Do whatever you want, copy whatever you like, and drag it out in the courts until any legal recourse is worthless.

Yep exactly. Samsung know they can get do obvious theft and by the time they have to stop their sales they are already two generations ahead. Courts need to act immediately on stuff like this otherwise Samsung will just keep trolling the system. Cockroach of a company.
 
Also, copying another design is fine and not actionable UNLESS it is covered by a patent. So if Apple makes a bigger phone equivalent to the size of a Samsung phone, you may call that copying, but it is not actionable, because the size of the phone is not a protected design. So they're not doing anything wrong.

It doesn't matter that someone might think that an S4 looks nothing like an iPhone. What matters in IP litigation is whether any elements of that S4 are patented by another.

Samsung copied Apple-protected elements (design and utility patents) and Apple has every right to enforce it's intellectual property. Any other company would do the same.
 
This all seem pointless as by the time the courts get round to banning anything its out of date and a new model is out sometimes two or three new models are out. The whole system seems useless to cope with these types of products with such short life cycles.


It does seem pointless in that way - - which means that the question then becomes one of after all of the legal wranglings have transpired, what would be the appropriate means of dispensing Justice?


For example, my recommendation of Justice is that since Samsung resisted the product from being pulled from the market in a timely fashion, the appropriate punishment should be to make them pull it now: they have to go notify every customer who they sold one to and tell them that the customer has to turn in the offending hardware.

Of course, Samsung will have to reimburse their customer for such a "recall", plus bear the cost of the recall itself ... and more to the point, for each sold Samsung device (tracked by Serial#, so as to prevent them from doing a quick swap of unsold inventory) that they can't hand over to Apple, they should have to pay Apple the full retail price - -

- - and all of this expense is all above and beyond all of the actual fines for the infringement that get paid to Apple.

Have a court require a company to have to do this with each one of these "Tech Infringements" and the word will quickly get out that the punishment fits the crime.



-hh
 
It is their own work. They take hints from competition. Look at Apple......

That's a bit of history re-writing you've done there. They were already found guilty of stealing Apple's work, based on the evidence. That's rather more than taking a hint or two.
 
It is their own work.
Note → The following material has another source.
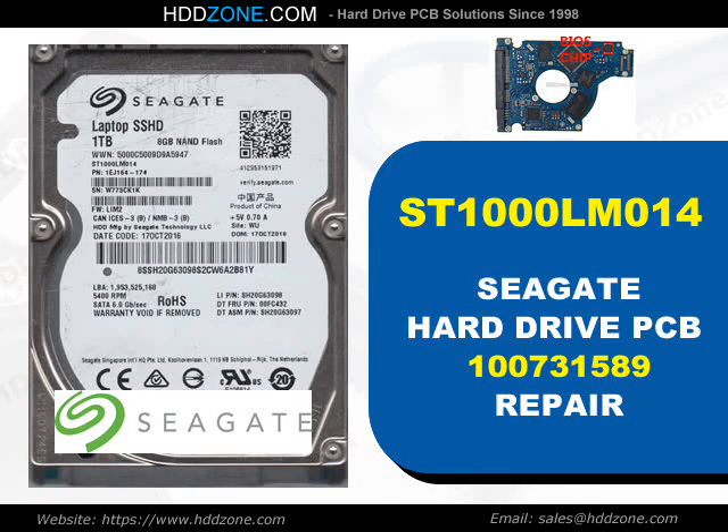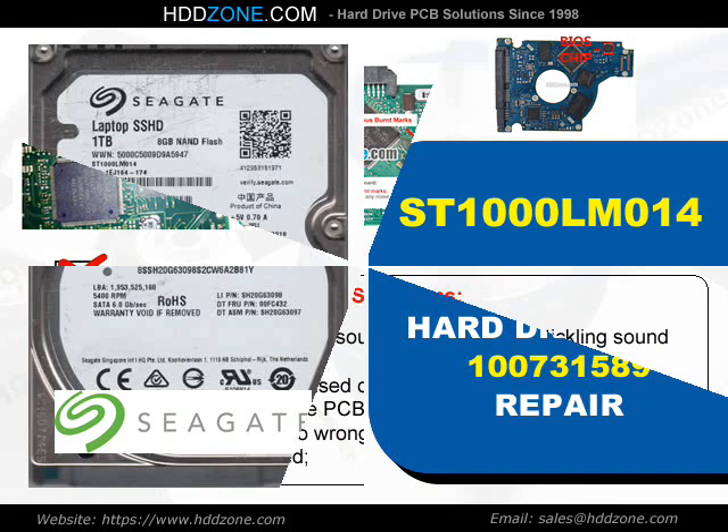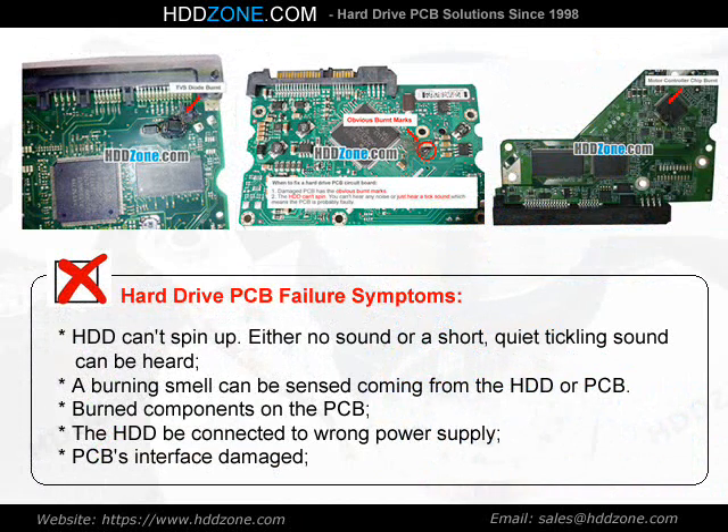Seagate Hard Drive PCB Repair. Hard drive PCB failure symptoms: the HDD can spin up, but either no sound or a short quiet ticking sound can be heard. A burning smell can be sensed coming from the HDD or PCB. Burned components on the PCB, the HDD being connected to the wrong power supply, or PCB interface damage are common causes.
They take hints from competition. Look at Apple. They took hints from Amazon's Kindle Fire with immense sales. They didn't copy it but they did make a 7" tablet to compete. It's essentially the same situation. You don't see Apple suing Amazon (except for the App Store naming issue).

Apple's mini is closer to 8 inch, and a different aspect ratio 4:3 vs 16:10, not to mention Apple's build is different. It was Eddie Cue that pushed for a smaller iPad and he didn't mention Amazon:

http://news.cnet.com/8301-13579_3-57486733-37/heres-apples-e-mail-thread-about-a-7-inch-ipad/

Kindle Fire's "immense" sales? Numbers please.